In this letter, an area-efficient FFT processor is proposed for MIMO-OFDM based SDR systems. The proposed FFT processor can support variable lengths of 64, 128, 256, 512, 1024, 1536 and 2048. By reducing the required number of non-trivial multipliers with a mixed-radix algorithm, the complexity of the proposed FFT processor is dramatically decreased. The proposed FFT processor was designed in a hardware description language (HDL) and synthesized to gatelevel circuits using a 0.13 μm CMOS standard cell library. With the proposed architecture, the gate count for the proposed FFT processor is 78.8 K and the size of memory is 393.22 Kbits, which are reduced by 40.9% and 19.7%, respectively, compared with the 4-channel radix-2 single-path delay feedback (R2SDF) with the 4-channel radix-3 SDF (R3SDF) FFT processor. Also, compared with the 4-channel radix-2 multi-path delay commutator (R2MDC) with the 4-channel R3SDF FFT processor, it is shown that the gate count and memory size are reduced by 33.8% and 18.5%, respectively.
Introduction
Software defined radio (SDR) systems have become a topic of great interest due to the need for reconfigurable and converged wireless communication systems [1] . In particular, an SDR system able to support both a WLAN mode indoors and a WiMAX/LTE mode outdoors has attracted increasing attention for its application in seamless wireless communications.

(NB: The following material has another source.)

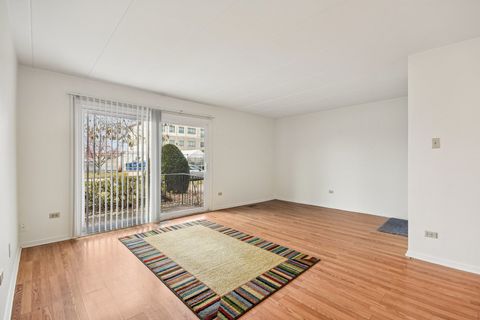 Tiny photo for 10831 S Keating Avenue #1SW, Oak Lawn, IL 60453 (MLS # 12524366)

Since all of these systems are based on a multiple-input multiple-output orthogonal frequency division multiplexing (MIMO-OFDM) scheme, which transmits multiple data streams simultaneously, its hardware complexity increases significantly compared with single-input single-output OFDM (SISO-OFDM) systems [2] . Particularly, since the fast Fourier transformation (FFT) processor is one of the largest modules in the OFDM baseband processor, it is very important to design a low-complexity FFT processor that can support variable lengths for an MIMO-OFDM based SDR system [3, 4, 5, 6] .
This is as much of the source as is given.